• _Material shown_
+++++

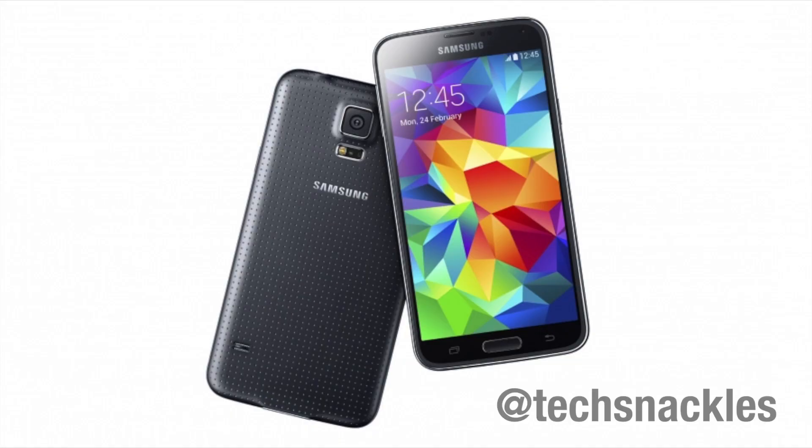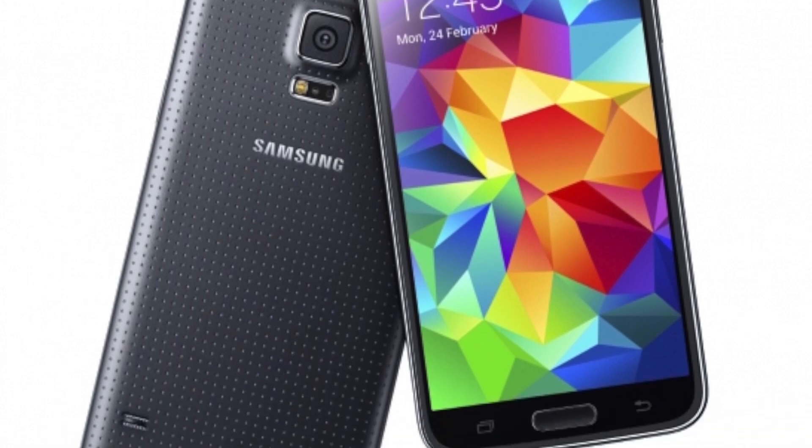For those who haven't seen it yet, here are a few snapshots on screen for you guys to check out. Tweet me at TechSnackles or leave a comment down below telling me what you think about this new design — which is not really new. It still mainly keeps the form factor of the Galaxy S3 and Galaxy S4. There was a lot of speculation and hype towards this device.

+++++

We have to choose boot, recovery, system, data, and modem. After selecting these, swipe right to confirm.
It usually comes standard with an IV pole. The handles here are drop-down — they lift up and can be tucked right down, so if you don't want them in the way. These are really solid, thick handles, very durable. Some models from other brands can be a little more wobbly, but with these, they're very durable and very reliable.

+++++

• _Required action_
Set down only the lines above that fall between the line holding "We have to choose" and the line holding "It usually comes", inclusive, keeping each exact.

• _Reply to the exercise_
We have to choose boot, recovery, system, data, and modem. After selecting these, swipe right to confirm.
It usually comes standard with an IV pole. The handles here are drop-down — they lift up and can be tucked right down, so if you don't want them in the way. These are really solid, thick handles, very durable. Some models from other brands can be a little more wobbly, but with these, they're very durable and very reliable.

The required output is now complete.